_TRY IT_
Scan the lines below and report each one containing "backyard" by copying it.

_Records from a collection_
######
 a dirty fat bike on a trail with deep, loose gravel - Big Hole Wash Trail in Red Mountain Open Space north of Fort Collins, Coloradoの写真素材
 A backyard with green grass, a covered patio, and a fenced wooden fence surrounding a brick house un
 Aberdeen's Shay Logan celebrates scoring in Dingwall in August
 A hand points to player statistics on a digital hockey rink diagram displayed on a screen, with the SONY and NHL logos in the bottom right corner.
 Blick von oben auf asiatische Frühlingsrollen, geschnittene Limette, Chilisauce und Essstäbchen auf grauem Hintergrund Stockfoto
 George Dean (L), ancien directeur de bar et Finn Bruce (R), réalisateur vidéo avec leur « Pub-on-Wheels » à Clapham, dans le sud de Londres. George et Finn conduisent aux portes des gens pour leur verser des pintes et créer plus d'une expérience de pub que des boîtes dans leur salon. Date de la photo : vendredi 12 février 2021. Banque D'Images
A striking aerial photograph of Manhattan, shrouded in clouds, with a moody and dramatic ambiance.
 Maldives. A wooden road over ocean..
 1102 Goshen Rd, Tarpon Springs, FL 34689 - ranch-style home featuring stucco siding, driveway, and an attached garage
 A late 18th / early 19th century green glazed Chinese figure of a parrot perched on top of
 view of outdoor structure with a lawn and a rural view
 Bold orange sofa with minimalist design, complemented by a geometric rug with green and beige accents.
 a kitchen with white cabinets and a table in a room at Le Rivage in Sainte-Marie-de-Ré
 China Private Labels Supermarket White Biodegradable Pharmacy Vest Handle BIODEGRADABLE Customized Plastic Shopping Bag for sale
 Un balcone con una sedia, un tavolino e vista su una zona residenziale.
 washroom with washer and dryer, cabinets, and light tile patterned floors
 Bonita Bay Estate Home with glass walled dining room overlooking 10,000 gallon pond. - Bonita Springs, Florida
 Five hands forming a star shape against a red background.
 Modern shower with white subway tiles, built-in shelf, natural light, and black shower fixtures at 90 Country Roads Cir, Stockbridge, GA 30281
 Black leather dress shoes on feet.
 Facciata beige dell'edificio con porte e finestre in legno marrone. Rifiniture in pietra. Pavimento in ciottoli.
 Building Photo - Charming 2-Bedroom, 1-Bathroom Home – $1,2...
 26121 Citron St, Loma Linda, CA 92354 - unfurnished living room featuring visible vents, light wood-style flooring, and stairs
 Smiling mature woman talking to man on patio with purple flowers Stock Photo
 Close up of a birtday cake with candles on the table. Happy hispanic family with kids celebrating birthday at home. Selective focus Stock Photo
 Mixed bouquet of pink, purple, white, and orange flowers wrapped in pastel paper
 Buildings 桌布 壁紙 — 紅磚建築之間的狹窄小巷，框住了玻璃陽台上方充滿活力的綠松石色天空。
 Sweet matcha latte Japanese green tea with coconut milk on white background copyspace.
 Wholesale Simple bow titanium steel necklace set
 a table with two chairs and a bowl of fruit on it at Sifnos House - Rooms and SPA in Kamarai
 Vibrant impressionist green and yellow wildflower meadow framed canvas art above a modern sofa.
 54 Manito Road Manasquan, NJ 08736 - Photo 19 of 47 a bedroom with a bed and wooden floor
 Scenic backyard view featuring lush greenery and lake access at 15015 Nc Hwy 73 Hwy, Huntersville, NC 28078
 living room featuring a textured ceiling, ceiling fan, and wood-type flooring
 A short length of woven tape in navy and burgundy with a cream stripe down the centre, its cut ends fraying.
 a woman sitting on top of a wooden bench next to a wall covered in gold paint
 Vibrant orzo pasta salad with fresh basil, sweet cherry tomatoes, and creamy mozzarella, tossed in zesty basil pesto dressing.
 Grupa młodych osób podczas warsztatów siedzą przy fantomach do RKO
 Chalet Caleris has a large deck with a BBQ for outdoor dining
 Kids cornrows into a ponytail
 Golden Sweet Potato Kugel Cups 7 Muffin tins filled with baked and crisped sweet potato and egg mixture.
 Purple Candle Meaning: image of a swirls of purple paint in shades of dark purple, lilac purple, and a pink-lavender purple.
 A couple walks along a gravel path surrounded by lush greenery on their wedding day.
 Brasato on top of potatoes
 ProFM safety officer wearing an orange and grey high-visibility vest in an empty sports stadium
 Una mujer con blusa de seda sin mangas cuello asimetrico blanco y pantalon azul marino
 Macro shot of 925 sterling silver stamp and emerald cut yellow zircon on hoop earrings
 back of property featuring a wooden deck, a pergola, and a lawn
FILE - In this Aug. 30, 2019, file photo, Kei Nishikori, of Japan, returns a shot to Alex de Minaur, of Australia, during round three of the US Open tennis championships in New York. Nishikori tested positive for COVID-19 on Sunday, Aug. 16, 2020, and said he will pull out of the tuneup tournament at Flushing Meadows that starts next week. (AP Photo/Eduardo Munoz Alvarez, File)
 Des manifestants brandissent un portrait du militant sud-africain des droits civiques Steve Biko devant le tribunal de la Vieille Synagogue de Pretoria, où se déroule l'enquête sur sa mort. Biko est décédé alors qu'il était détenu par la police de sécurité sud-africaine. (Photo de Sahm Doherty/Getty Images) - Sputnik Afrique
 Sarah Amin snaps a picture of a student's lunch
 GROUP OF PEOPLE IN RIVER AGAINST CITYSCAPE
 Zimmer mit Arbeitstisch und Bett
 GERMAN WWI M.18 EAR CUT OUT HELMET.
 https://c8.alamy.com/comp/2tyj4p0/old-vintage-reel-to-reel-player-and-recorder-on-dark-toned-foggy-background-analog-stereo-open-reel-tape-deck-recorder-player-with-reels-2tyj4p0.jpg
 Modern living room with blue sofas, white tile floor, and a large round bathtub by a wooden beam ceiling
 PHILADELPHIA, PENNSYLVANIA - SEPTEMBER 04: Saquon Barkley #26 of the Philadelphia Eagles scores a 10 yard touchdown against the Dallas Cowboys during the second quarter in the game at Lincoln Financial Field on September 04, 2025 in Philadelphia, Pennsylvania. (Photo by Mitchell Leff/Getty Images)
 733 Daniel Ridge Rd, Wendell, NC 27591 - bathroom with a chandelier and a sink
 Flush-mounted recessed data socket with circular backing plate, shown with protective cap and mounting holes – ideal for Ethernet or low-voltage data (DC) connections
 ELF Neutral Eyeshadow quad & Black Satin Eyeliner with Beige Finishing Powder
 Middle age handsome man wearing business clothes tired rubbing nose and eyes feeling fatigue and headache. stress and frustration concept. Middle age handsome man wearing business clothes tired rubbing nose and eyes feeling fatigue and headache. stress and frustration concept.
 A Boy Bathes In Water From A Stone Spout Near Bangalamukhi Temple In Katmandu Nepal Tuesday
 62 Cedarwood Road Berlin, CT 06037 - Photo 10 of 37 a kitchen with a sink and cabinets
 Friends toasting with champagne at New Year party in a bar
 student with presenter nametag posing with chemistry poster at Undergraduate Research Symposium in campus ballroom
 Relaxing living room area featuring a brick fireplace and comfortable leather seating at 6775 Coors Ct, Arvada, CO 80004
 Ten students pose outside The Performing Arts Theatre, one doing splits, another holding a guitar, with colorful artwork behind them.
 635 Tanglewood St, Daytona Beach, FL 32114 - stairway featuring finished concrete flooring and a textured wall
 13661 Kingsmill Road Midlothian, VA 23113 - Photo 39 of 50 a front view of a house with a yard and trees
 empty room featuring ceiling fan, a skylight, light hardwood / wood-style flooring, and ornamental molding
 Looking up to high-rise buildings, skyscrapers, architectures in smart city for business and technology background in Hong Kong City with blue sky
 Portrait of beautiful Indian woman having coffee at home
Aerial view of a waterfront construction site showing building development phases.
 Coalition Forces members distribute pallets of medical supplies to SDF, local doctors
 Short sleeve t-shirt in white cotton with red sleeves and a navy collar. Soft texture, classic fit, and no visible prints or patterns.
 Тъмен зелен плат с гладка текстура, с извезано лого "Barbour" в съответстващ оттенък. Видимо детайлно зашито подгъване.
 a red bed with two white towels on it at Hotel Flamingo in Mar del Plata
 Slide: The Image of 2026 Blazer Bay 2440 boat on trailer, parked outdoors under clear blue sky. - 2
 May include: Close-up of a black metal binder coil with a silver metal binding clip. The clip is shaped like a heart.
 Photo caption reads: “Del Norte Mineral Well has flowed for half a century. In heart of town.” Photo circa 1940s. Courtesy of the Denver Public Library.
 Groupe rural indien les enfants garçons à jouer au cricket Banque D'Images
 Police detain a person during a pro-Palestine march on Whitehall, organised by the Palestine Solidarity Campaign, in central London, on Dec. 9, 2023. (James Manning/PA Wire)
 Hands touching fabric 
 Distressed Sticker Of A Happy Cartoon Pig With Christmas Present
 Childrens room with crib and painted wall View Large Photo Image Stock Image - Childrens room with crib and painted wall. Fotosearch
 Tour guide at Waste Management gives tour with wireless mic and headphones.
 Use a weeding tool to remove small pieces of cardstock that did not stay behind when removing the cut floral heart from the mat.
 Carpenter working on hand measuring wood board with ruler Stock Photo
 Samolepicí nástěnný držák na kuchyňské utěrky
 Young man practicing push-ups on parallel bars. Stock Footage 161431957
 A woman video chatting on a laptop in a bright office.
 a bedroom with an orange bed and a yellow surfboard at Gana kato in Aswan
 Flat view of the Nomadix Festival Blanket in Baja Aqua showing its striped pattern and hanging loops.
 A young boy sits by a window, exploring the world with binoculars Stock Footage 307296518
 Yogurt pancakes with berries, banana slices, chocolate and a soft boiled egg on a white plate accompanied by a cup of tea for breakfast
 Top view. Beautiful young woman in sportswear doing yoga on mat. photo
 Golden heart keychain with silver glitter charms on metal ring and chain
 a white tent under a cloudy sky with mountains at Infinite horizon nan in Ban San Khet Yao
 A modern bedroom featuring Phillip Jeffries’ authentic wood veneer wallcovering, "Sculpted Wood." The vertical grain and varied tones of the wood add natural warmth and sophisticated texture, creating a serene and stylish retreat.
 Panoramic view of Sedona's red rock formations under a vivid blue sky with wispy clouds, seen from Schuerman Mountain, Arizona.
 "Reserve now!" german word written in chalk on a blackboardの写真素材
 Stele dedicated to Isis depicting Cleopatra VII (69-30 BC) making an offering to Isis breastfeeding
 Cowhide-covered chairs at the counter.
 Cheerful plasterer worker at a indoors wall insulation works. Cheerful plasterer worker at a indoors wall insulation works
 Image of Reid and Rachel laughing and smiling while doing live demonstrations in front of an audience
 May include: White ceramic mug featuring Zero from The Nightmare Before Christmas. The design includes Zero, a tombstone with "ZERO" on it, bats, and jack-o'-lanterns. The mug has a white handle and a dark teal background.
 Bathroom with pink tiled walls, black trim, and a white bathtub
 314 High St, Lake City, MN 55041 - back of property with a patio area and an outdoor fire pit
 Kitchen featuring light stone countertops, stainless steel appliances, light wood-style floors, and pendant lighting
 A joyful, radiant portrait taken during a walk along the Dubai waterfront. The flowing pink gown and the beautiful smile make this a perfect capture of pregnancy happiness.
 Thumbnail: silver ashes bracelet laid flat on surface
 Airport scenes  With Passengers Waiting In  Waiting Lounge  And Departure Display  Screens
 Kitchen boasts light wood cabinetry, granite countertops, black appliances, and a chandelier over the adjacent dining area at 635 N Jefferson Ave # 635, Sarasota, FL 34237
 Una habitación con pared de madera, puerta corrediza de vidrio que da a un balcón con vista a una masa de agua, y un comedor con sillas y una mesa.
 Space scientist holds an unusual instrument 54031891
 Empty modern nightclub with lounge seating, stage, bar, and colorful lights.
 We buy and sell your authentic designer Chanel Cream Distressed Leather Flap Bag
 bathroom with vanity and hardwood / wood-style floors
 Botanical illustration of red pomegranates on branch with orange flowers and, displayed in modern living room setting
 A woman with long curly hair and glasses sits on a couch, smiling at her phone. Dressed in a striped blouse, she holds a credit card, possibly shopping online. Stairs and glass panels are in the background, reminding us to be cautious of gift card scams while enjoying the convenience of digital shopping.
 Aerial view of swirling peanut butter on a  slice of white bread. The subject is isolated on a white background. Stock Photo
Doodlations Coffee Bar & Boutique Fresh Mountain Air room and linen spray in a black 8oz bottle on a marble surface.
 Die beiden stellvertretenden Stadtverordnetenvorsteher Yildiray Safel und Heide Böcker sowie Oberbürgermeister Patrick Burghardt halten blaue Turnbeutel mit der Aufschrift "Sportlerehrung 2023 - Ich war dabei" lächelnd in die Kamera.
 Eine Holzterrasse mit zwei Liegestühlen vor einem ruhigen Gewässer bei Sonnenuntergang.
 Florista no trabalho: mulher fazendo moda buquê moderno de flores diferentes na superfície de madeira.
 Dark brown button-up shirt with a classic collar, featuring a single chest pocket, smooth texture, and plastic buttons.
######
_OUTPUT FOR THIS EXERCISE_
 A backyard with green grass, a covered patio, and a fenced wooden fence surrounding a brick house un
 Scenic backyard view featuring lush greenery and lake access at 15015 Nc Hwy 73 Hwy, Huntersville, NC 28078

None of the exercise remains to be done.